I don't know about Canada, but if a package is seized in the mail here, they send you a letter stateing that it has been confinscated...but if I remember right it is not illegal in Cananda to have seeds, just can't germinate them...so I don't know what could be holding them up.  I would contact Nirvana.

Can I ask why you didn't just buy seeds right there in Canada?  We used to make trips up there, just to stock up on seeds.  At the time it felt safer to just make the trip...lol it also gave me and my buddy a chance to get away from the wives for a few days...lol...party!


----------



## Happy Hooker (Jan 18, 2010)

I haven't contacted then yet I didn't want to seem inpatient but think I will in the next few days. I couldn't find the strain of seeds on the websites here in Canada if I have to reorder it will be from a shop in Canada.


----------



## pcduck (Jan 18, 2010)

The only thing I know about Canada Mail is that it is slow.

I could swim there faster then what they can get they mail there (or so it seems)


----------



## tcbud (Jan 18, 2010)

Let us know when you contact them and how the responce it..please.  I am thinking of ordering from Nirvana, but not if it takes a month to get the seeds.

thank you and good luck.....


----------



## Happy Hooker (Jan 18, 2010)

I will say that the same day I ordered seeds from Toronto and it only took days to get them. The information you have to give to contact nirvana i not so sure I am willing to forward to them . I am not alarmed yet or trying to put this place down because it looks like they have done there part . I was giving a tracking # like I said b4 and it says it has gone to the overseas postal service , seeing there coming to Canada they might be coming by dog sled  .

PS: I will say next time I will be ordering in Canada .


----------



## pcduck (Jan 18, 2010)

Well if the problem is the Canadian Postal System ordering from within Canada is not gonna change anything. Your beans will still be arriving by using the same Postal Service that you are having problems with.


----------



## mistisrising (Jan 18, 2010)

I have ordered a few times from nirvana. It always takes longer than Attitude or dope seeds, but they have always arrived. I've heard others from canada say that their seeds from europe took a long time.

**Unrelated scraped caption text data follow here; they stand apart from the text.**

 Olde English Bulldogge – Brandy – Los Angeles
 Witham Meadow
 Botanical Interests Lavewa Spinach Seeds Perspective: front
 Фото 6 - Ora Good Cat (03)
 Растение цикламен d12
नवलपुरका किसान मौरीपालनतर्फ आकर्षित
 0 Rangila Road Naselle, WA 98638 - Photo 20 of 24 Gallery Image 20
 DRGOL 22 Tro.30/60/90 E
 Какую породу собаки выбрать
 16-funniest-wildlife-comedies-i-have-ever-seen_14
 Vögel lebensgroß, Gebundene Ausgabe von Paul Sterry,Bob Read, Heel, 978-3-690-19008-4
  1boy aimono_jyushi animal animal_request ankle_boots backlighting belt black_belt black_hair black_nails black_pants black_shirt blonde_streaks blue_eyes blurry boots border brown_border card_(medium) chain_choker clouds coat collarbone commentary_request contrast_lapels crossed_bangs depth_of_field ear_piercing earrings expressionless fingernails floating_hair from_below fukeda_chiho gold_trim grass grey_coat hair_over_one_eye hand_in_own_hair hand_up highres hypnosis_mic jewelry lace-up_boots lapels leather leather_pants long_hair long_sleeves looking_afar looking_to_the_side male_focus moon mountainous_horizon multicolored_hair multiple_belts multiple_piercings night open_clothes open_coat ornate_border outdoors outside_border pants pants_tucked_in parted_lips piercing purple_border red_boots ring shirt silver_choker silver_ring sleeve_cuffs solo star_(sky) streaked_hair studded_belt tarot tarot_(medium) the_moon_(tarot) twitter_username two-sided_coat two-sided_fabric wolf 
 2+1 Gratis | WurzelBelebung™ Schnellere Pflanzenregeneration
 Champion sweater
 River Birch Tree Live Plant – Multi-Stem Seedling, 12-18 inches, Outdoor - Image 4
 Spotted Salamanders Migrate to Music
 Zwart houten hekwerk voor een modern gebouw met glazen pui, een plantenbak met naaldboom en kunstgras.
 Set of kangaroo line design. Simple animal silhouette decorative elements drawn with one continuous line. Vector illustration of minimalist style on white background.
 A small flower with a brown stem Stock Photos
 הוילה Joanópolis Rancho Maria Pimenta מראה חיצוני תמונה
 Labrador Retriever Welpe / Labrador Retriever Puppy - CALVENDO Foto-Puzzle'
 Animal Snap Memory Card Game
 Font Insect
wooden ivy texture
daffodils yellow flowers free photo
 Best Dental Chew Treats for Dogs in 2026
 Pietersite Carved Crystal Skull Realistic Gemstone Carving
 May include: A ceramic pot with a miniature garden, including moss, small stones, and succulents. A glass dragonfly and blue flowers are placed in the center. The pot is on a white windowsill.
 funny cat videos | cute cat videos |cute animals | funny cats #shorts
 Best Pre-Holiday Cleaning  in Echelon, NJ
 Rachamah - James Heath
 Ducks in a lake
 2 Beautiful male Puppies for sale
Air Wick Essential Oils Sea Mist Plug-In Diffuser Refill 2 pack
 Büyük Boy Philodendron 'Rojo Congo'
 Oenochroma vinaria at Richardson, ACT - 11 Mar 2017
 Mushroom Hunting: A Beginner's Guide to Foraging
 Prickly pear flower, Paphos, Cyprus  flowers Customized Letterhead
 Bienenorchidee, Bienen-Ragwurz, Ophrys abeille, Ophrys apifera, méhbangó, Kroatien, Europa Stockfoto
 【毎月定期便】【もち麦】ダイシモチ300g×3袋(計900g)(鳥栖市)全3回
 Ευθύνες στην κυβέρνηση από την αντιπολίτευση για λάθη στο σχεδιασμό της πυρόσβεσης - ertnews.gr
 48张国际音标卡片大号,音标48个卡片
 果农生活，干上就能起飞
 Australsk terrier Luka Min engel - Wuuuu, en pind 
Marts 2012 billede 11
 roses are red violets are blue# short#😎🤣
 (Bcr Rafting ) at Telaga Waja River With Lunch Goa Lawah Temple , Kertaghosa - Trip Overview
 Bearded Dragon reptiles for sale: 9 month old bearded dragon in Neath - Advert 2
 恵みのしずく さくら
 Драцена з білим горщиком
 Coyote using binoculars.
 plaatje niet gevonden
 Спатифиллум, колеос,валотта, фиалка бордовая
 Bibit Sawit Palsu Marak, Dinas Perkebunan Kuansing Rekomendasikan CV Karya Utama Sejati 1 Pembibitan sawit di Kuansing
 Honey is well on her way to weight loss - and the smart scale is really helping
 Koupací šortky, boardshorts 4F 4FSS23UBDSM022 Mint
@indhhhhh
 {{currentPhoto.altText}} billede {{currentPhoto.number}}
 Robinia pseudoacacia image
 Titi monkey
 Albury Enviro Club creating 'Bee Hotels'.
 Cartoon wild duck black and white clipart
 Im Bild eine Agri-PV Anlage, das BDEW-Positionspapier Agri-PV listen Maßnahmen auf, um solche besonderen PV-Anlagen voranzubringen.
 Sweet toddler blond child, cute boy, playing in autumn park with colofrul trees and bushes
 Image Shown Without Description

Contact them, I've always had a good experience with their customer service.


----------



## 4EVR420 (Jan 19, 2010)

Happy Hooker, i also ordered seeds from nirvana back in december. i placed my order right before x-mass and recieved my seeds 11 days later. i live in the US though. so far nirvana has been good to me. is it possible that your seeds are caught up in cutoms? Good luck and i hope you get your seeds.


----------



## dman1234 (Jan 19, 2010)

mine shows the exact same message, but i ordered Jan 10, i will let you know when i get mine.


----------



## legalize_freedom (Jan 19, 2010)

I have ordered from Canada several times, and it has never taken more than 2 weeks.  That is me sending a money order from the states, and them filling and sending me back...2 weeks total


----------



## Happy Hooker (Jan 20, 2010)

I have left them a message if I haven't heard from them or received my order I think I will reorder more on the weekend. It's I just hate these kind of deals that takes money out of my pocket for nothing but I still have my fingers crossed.


----------



## dman1234 (Jan 22, 2010)

mine came today from nirvana


----------



## siegalsmoker (Jan 22, 2010)

I have had nothing but success with NIrvana... weird that it is taking so long... Keep us posted..


----------



## Happy Hooker (Jan 23, 2010)

dman1234 said:
			
		

> mine came today from nirvana



When did you order them ?? My order might have got lost in the mail I have until the first of Feb.then I better find some in a hurry I just hope my friends come threw again .


----------



## dman1234 (Jan 23, 2010)

Jan 10.


----------



## Happy Hooker (Jan 25, 2010)

Well I have give up on this order . I ordered today here in Canada and with a promise these seeds can be in the soil b4 sunset Friday night . We will see.


----------



## Happy Hooker (Jan 31, 2010)

Well I contacted them and got a real nice reply back  saying how surprised but disappointed they were. They felt my order was lost in the postal service the same as I feel and they were going to send these seeds again. 2 days later I have a notice that they were charged to my visa {{again}} I usually avoid a dog after it bights me once. Never again !!


----------



## Happy Hooker (Feb 24, 2010)

Happy Hooker said:
			
		

> Well I contacted them and got a real nice reply back  saying how surprised but disappointed they were. They felt my order was lost in the postal service the same as I feel and they were going to send these seeds again. 2 days later I have a notice that they were charged to my visa {{again}} I usually avoid a dog after it bights me once. Never again !!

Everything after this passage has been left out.